Strip the pictures and reproduce the rest of the listing exactly.

■ ■ ■ ■ ■ ■ ■

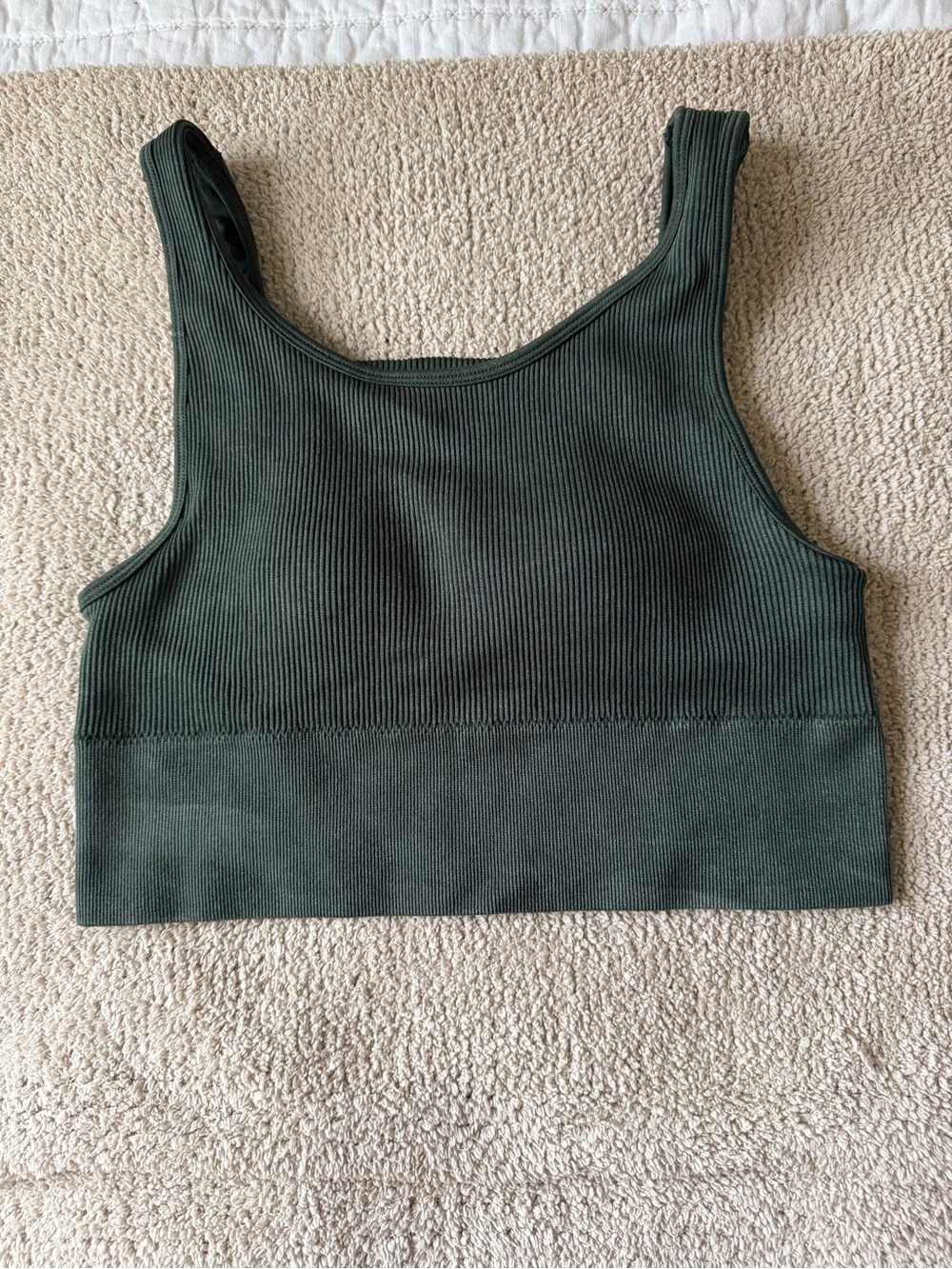 Ribbed Cropped Tank Top in Dark Olive Green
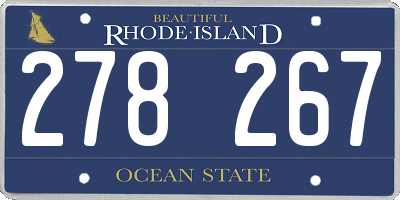 RI license plate 278267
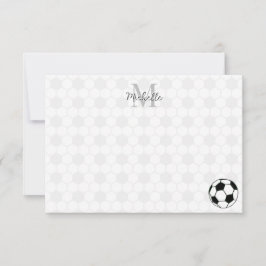 Fußbälle Schwarz-Weiß personalisiertes Monogramm Mitteilungskarte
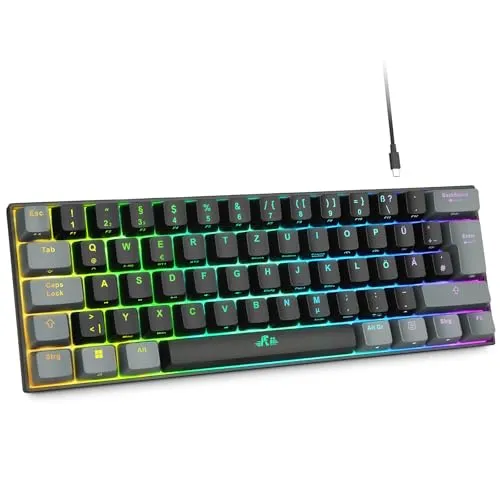 Rii Gaming Tastatur Mechanisch, 60% Tastatur Kabellos RGB Beleuchtet mit Rote Schalter und N-Key Rollover für PC/Laptop/PS4/PS5, QWERTZ, Schwarz Grau (Bluetooth/2.4G/Kabel)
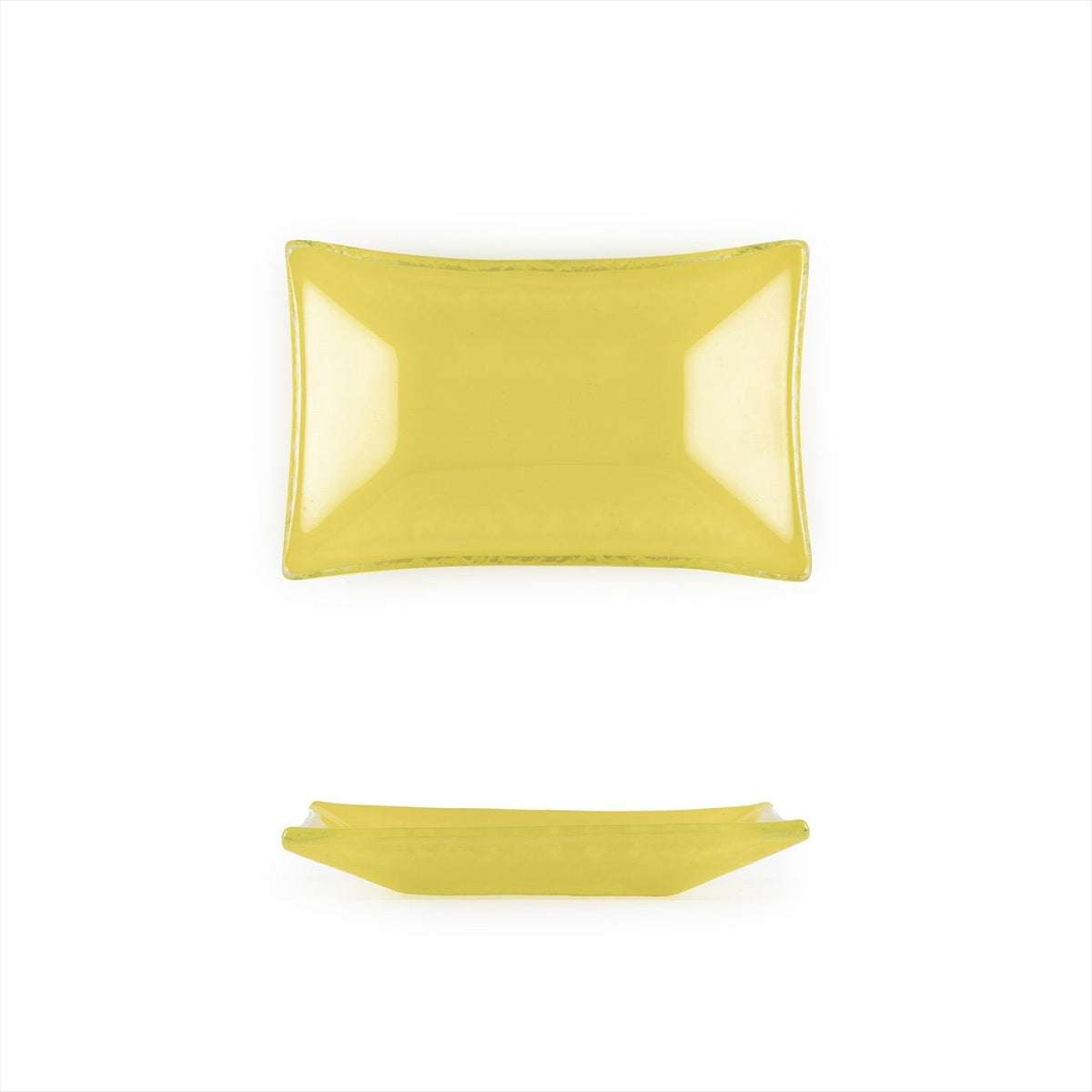 Turgla Fusion Glass 4.25" x 2.5" x h:0.5" 1 oz. Rectangular Yellow Gla SKU: 10-034-11YLW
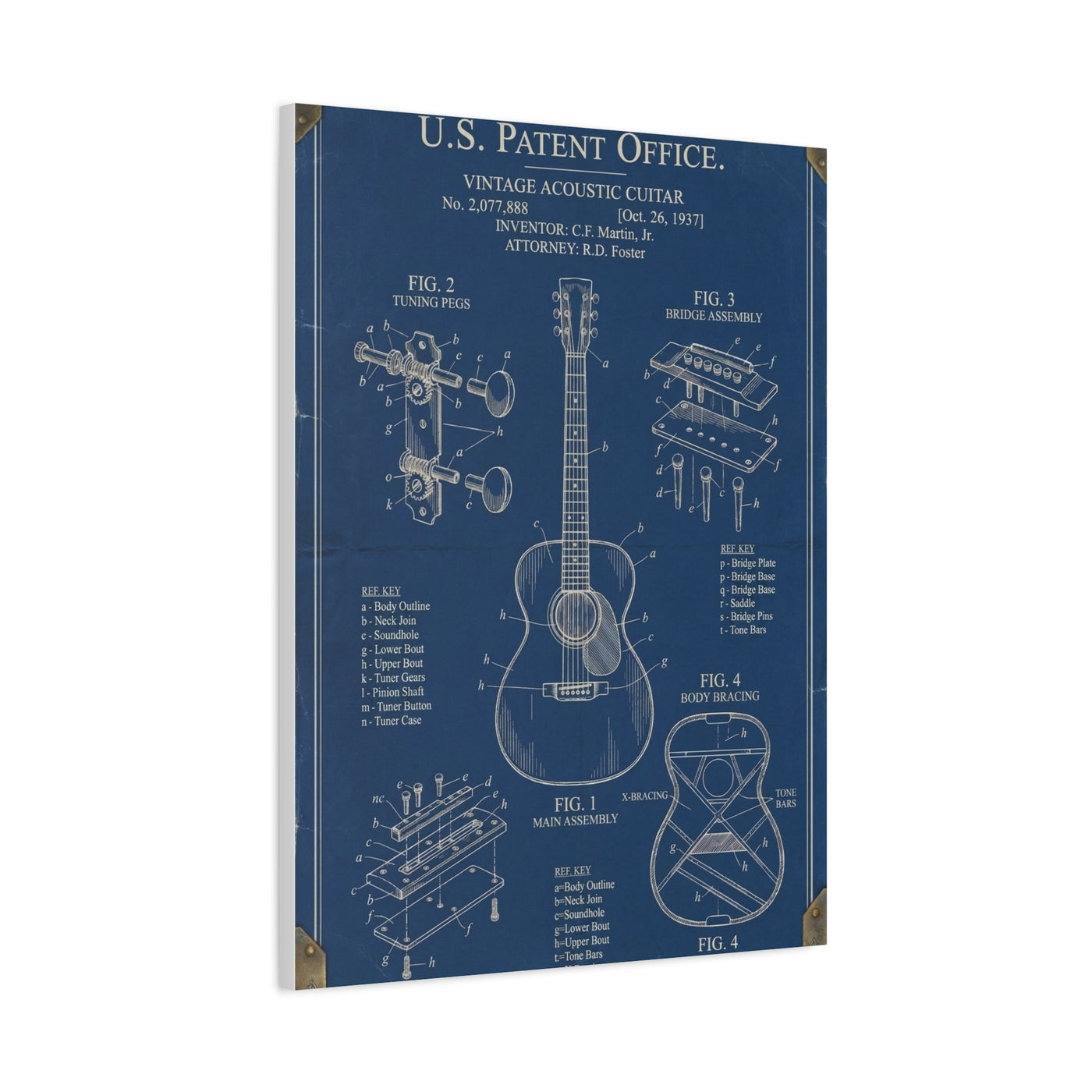 Vintage Acoustic Guitar Patent Blueprint Wall Art & Canvas Print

■ ■ ■ ■ ■ ■ ■

__Task solution__.
 Ribbed Cropped Tank Top in Dark Olive Green
 RI license plate 278267
 Fußbälle Schwarz-Weiß personalisiertes Monogramm Mitteilungskarte
 Rii Gaming Tastatur Mechanisch, 60% Tastatur Kabellos RGB Beleuchtet mit Rote Schalter und N-Key Rollover für PC/Laptop/PS4/PS5, QWERTZ, Schwarz Grau (Bluetooth/2.4G/Kabel)
 Turgla Fusion Glass 4.25" x 2.5" x h:0.5" 1 oz. Rectangular Yellow Gla SKU: 10-034-11YLW
 Vintage Acoustic Guitar Patent Blueprint Wall Art & Canvas Print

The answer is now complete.